God you make some crap up, PDK. That isn't even close to describing how economists view factor endowment. But, misinformation is king in your world, I guess.
So, again, your argument essentially comes down to "ignore that book and instead read these blog posts."
A messenger is someone who is actually indifferent to the truth about any given topic. They simply carry a message. You whinge all day abut people 'shooting the messenger' when you are nothing of the sort. You are indeed the architect of your own narratives and those you purport, which rely on junk analysis and the constant shoehorning of issues into a narrative space.

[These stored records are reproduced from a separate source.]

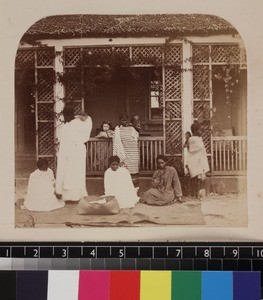 Group portrait of a mission household, Madagascar, ca.1865-1885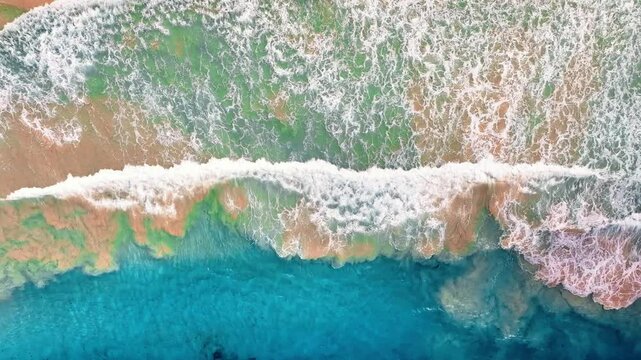 Top view of crystal clear sea and sandy beach. Water surface texture landscape loop. Drone view of ocean waves. Seaside sand. Sunset water seamless loop background.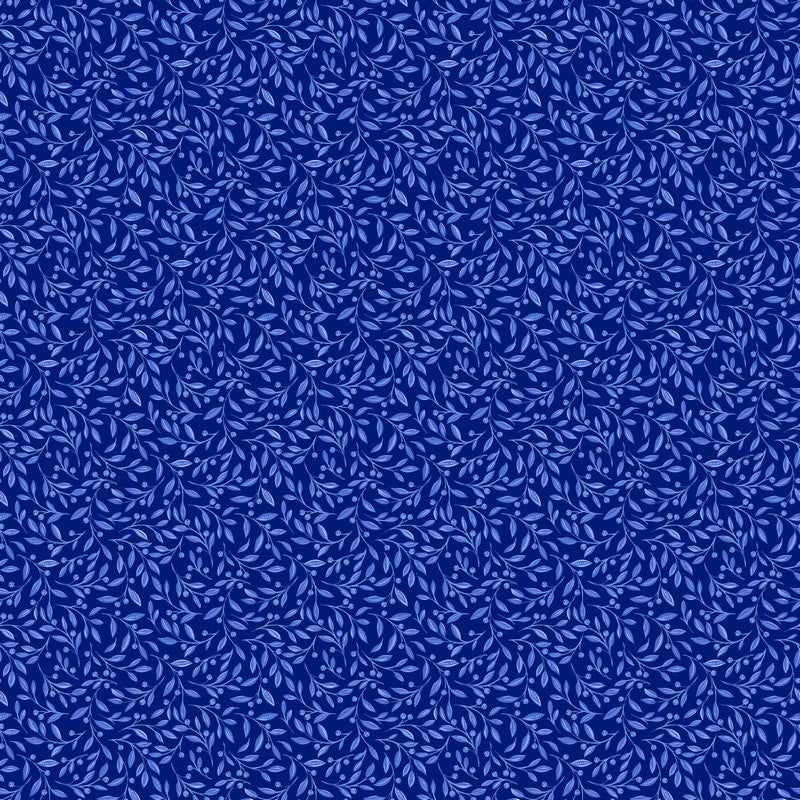 Delft Dynasty - Leaf Trail in Dark Blue - Northcott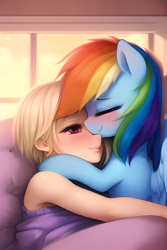 Size: 2048x3072 | Tagged: safe, imported from derpibooru, rainbow dash, oc, human, pegasus, pony, ai content, ai generated, blushing, cuddling, cute, duo, eyes closed, female, generator:novelai, generator:stable diffusion, high res, human female, human on pony snuggling, indoors, lesbian, looking at someone, mare, prompter:endless--, smiling, snuggling, wings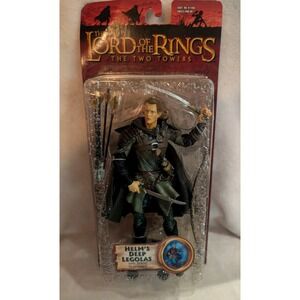 LOTR The Two Towers Helm's Deep Legolas VTG Figure Toy Biz 2003 New in Box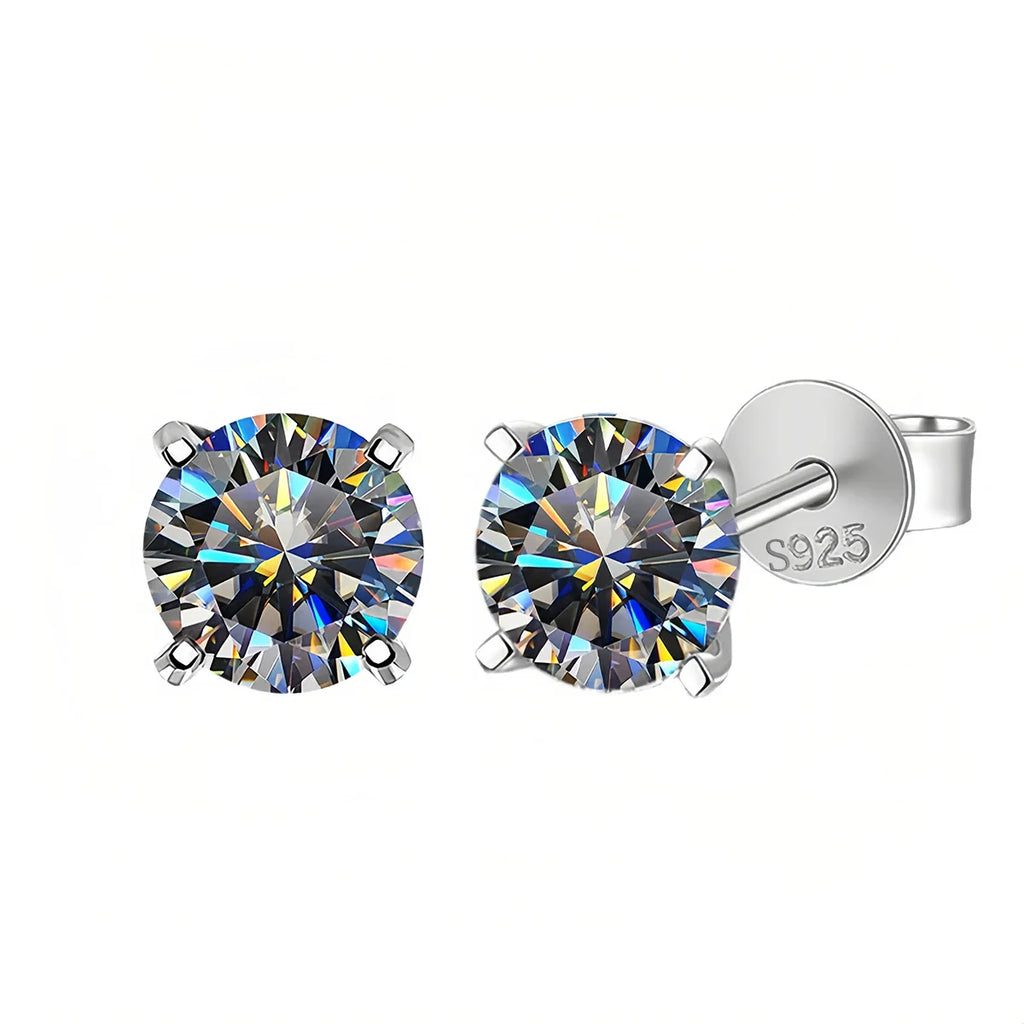 Moissanite Stud Earrings 0.3-3 Carat S925 Sterling Silver Gray Plated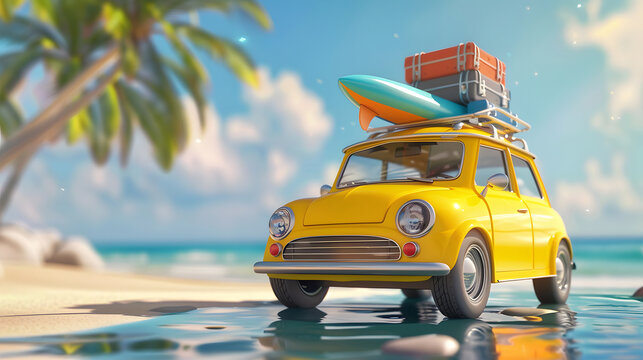 A yellow retro car with a surfboard and luggage on the roof, driving along a tropical beach in the style of a summer vacation travel concept, 3d render style
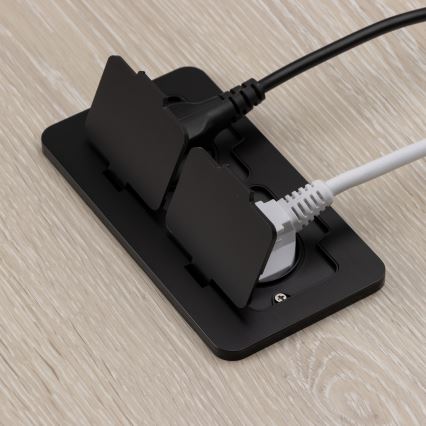 Brilagi - Lauko įleidžiamas grindinis dvigubas lizdas IP55, juodas, stačiakampis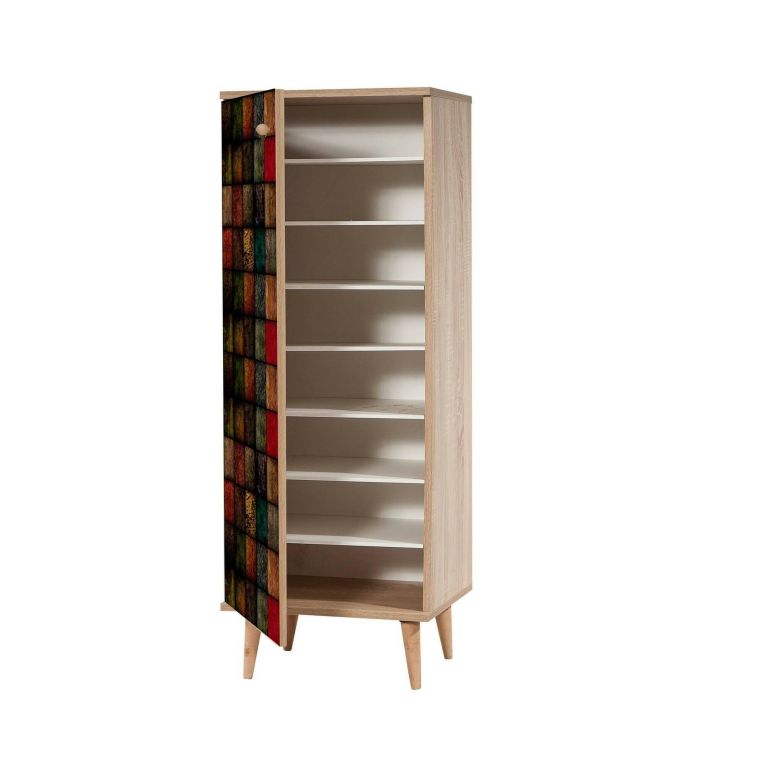 Mobile da Ingresso Marrone Quercia Verde 16 Paia Cassetti 50x38x135h cm, 7 Ripiani - Podgorica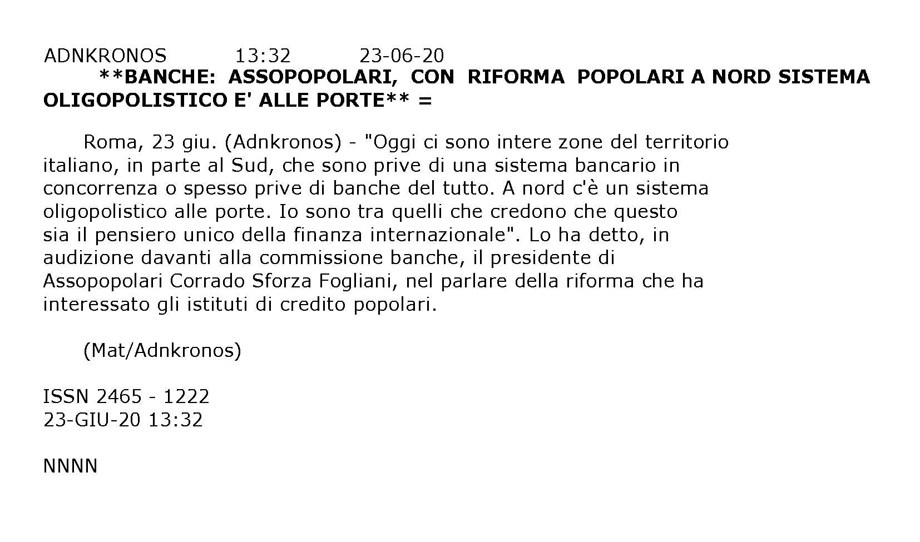 IL PRESIDENTE SFORZA FOGLIANI ALLA COMMISSIONE BANCHE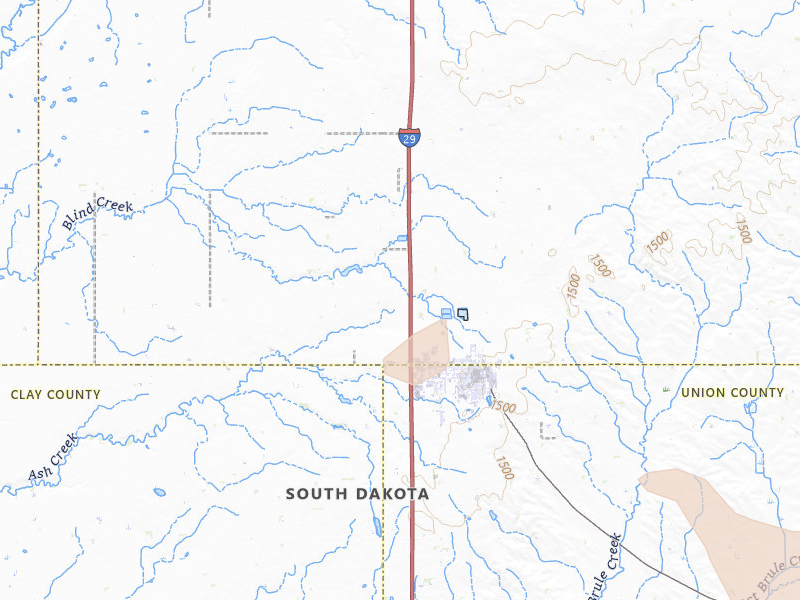 Radar-estimated hail-size map of the storm over Beresford, SD on Aug 3, 2026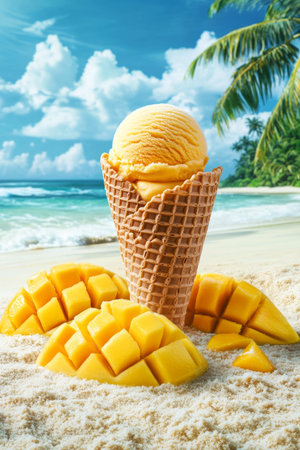 Golden Hour Indulgence Mango Ice Cream Cone and Fresh Mango Slices on a Sunny Tropical Beachの素材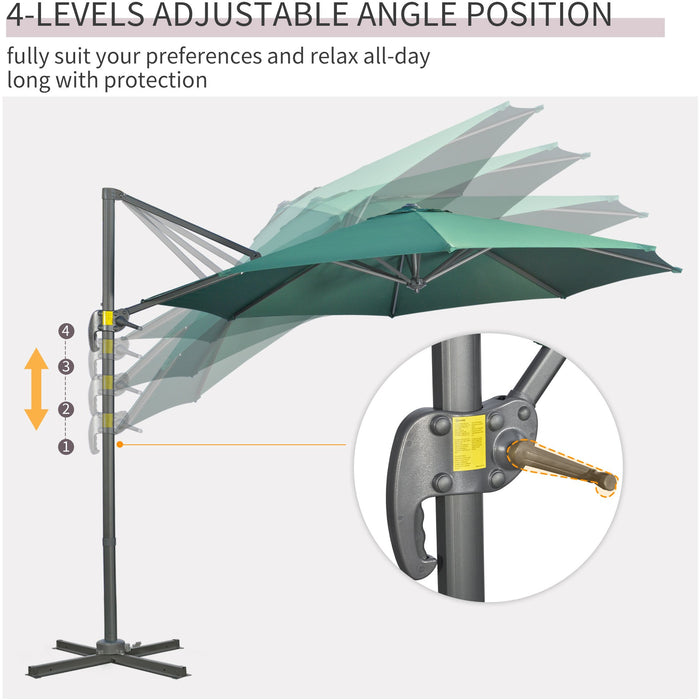 3m Large Overhanging Patio Cantilever Parasol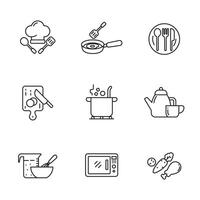 Cooking icons collection in line style on white background vector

I'm not denying that resource access declined during the downfall of the roman empire - I'm just highlighting the difference between correlation and causality - Something that is never evident in the junk analysis or narrative fitting you dedicate so much time to.
Reading "More" by Philip Coggan (2020). Provides a great historical survey of the world's economy. Has some cracker quotes too that made me laugh at how apt they would become later in 2020
e.g. "A greater emphasis on home working will reduce the need for a daily commute"
and
"Diseases like SARS can spread more easily in the airline age."
Highly recommended, including discussions on devaluation of currencies.
A debt jubilee wouldn't have to be just one event. Reserve Banks could start by forgiving the government bonds they hold and increasing rates to control any associated inflation over a period of time.
In the western world more retirees per worker will likely mean more sustained wage inflation. Labour productivity isn't increasing at the same rate that labour force participation is dropping, consequently there will be an increasing squeeze on goods and services.
Genuine question - what do banks actually do with the deposits we make into savings accounts & into term deposits if they don’t lend them out? Also why do bank economists talk about bank borrowing overseas, presumably to lend out here? The BoE stuff makes sense to me except for this.
Anyone working in the banking sector can correct my thinking…. but in basic terms I think they carry out duration matching of liabilities and assets. So your term deposit is a liability that can be matched in duration with a loan (a bank asset) (not 1:1 but within a pool of assets and liabilities). Obviously this occurs over different time periods and with different types of funding (the overseas but you mention) in addition to term deposits (on the liability side) and is carried out as best as possible to reduce interest rate risk.
All interbank payments are made by the use of central bank reserves. If a bank makes a loan but the resulting deposit goes to a different bank then it requires a transfer of reserves to the other bank. If a bank cannot maintain its deposits it will eventually run out of reserves and not be able to make more loans. It will then need to borrow reserves back from other banks or borrow more reserves from the central bank which is more costly.
Banks do need to maintain levels of capital and other liquidity under Basel 3 international banking regulations and it maybe these that they borrow from overseas. The Reserve Bank lists liquid assets here. https://www.rbnz.govt.nz/-/media/ReserveBank/Files/regulation-and-super…
Bitcoin,the only decentralised and fixed supply hard currency in existence that cannot be manipulated by central banks and governments.Perhaps a painful transition as it is adopted by countries as legal tender.But after that the ultimate egalitarian solution for distributed wealth.